It's funny cause when Adele released Hello I instantly connected to the line, "They say that time's supposed to heal ya, but I ain't done much healing." Him and I have been fighting for like a year straight so I guess I should have seen this coming but I /still/ really believed that things would be different. I'm not even sure what I'm upset about. My intuition being wrong about him and I, him for letting me down in the end, or at myself for losing all of my friends for him.
The only good thing about us not being together anymore is that I can finally move on. I don't even wanna enter another relationship because I'm still bitter from my last one, and yet I don't like being single either. I have a few options right now but I'm not sure if I really wanna deal with this again. Everyday is literally a struggle because I didn't see our relationship ending so the pain lingers. Even his friends said how different he was ever since we got together and I noticed a change too. I guess some people just can't be helped.
I honestly don't feel depressed though. Well I do a little, but not entirely because of him. I'm more upset at myself for making poor decisions and letting someone else influence my happiness so much. I had a feeling I should have broken up with him the first time when we fought, but I kept going back to him or letting him come back to me. I should have known better but I believe in forgiveness because we all make mistakes. I think the lesson I ultimately learned is to stick to my intuition. If I had just left him the first time I would have been really sad, but I wouldn't be in this position right now. But at the same time I can't even blame myself for trying because him and I both made mistakes and tried to fix things. It just didn't work out in the end.

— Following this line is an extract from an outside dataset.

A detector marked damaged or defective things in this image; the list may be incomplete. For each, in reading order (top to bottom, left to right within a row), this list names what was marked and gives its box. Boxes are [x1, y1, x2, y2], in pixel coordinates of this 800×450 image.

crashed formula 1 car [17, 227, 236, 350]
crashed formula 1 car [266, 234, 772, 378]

I'll be ok but I'm just really shocked right now. My life is so ironic and this one breakup isn't even half of what's been going on for the past few years. I feel much wiser than I was before and I'm starting to see how everything is interconnected. This experience also allowed me to reconnect to some old friends again and I'm really thankful for that. All in all, messy-breakup but back to old me. I feel like I have a personality again and I'm not just someone else's boyfriend. I'm just waiting for him to try and hit me up again so I can tell him to **** off, honestly. Otherwise I'm doing just fine, kinda.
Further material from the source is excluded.